Brand Extension 101: Types, Risks, Benefits, and Strategy
Learn everything you need to know about brand extension, including its definition, benefits, risks, types, and strategies for building a successful extension. Discover how to take your brand to new heights and increase your market share through effective brand extension.
Written by RamotionMar 6, 202311 min read
Last updated: Feb 25, 2024
Defining Brand Extension
Many of the major brands in today’s market use brand extension to continually experience growth in their company. Brand extension — also known as brand stretching, is a major factor in their success, but in order to understand how this makes a difference we have to be able to define it.
What is brand extension?
Brand extension is a marketing strategy in which a company uses its established brand name to launch a new product or line of products.
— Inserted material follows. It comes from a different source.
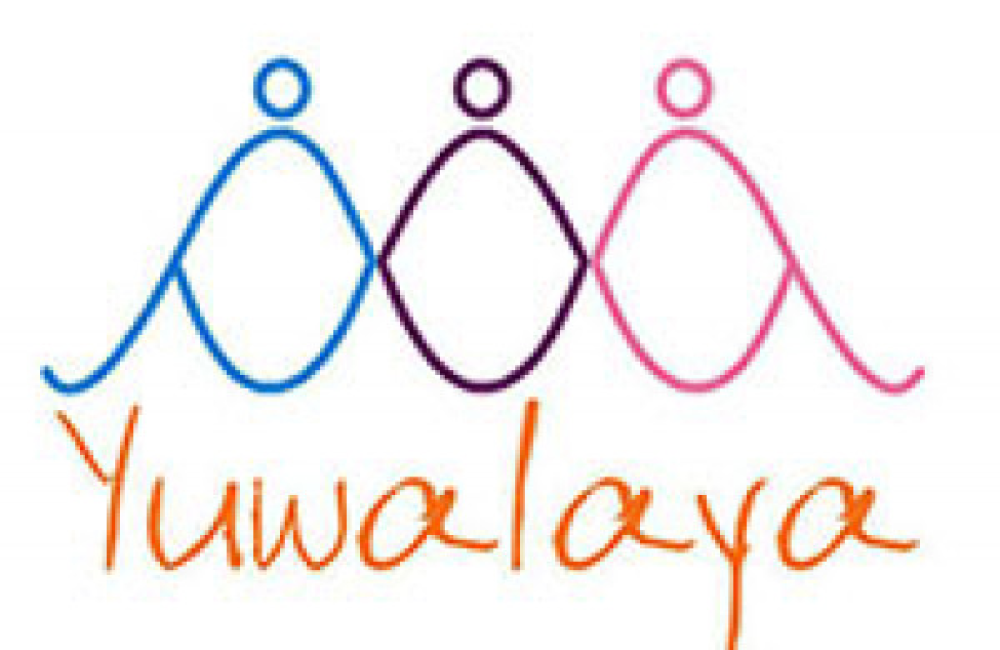 Yuwalaya Name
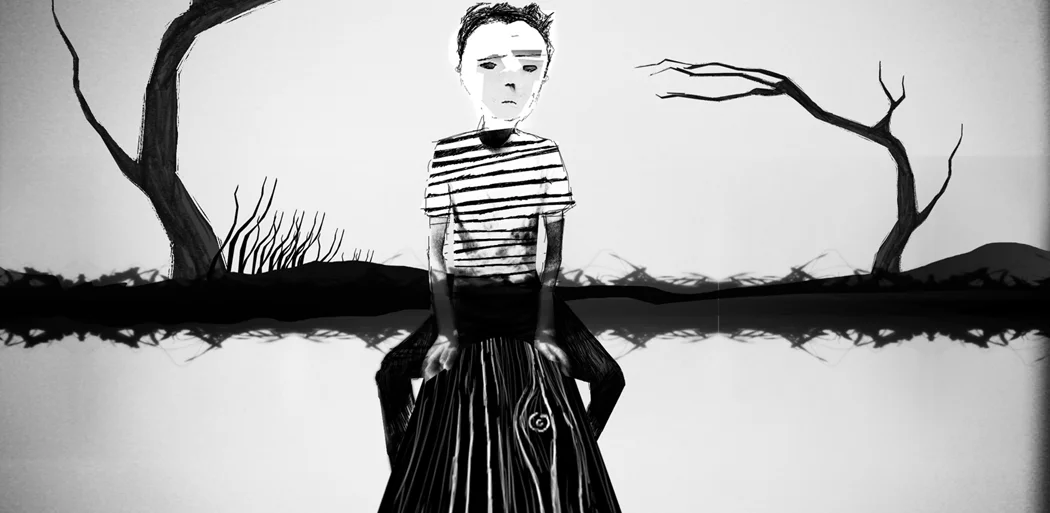 LaurenIndovina_GapBWStylefrm12.jpg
The key to the growth of any business is consistent expansion or stretching. Companies that stagnate or rely on the same product to stay afloat will quickly fall behind others that are regularly evolving.
Brand extension is exactly that—evolution.
If a company has achieved success with a flagship product, or line of products, it may use this already established equity to help launch new products. Being able to rely on successful brand engagement and customer loyalty provides a fantastic platform for any company looking to release new products under its brand.
Successful brand extension can help a company broaden its reach to new demographics, improve its customer base, gain new business contacts, increase sales, and boost its overall profit margins.
Like anything, there can be both benefits and risks to brand extension. Let’s investigate a few of both.
Benefits of Brand Extension
Products can hit a new audience.
Successful brand extension can allow companies to target new customer demographics while still keeping their brand recognizable.
It can lead to an increase in sales.
Hitting new audiences, means garnering greater interest. Greater interest gives the potential to increase sales as products will be reaching more people.
It’s an inexpensive form of marketing.
If a parent brand is launching a new product, or line of products, it likely means they’ve achieved prior success. Launching new products will spark interest and excitement from current customers, leading to an increase in word-of-mouth advertising—meaning near enough free marketing.
It can leverage customer loyalty and trust.
Customers who have already established a relationship with a trusted brand are far more likely to be open to trying new products launched from the same brand.
It can bring attention to prior products.
Have you ever listened to a song, loved it, and then immediately searched for other songs by the same artist? Brand extension can work in exactly the same way. If a new product is successful, new customers will then likely look further into prior products, resulting in another method of inexpensive marketing.
Risks of Brand Extension
It’s clear to see the benefits brand extension can have towards achieving growth in a company. But are there any potential risks that come with it?
Let’s investigate a little further.
It can alter the brand identity of a company.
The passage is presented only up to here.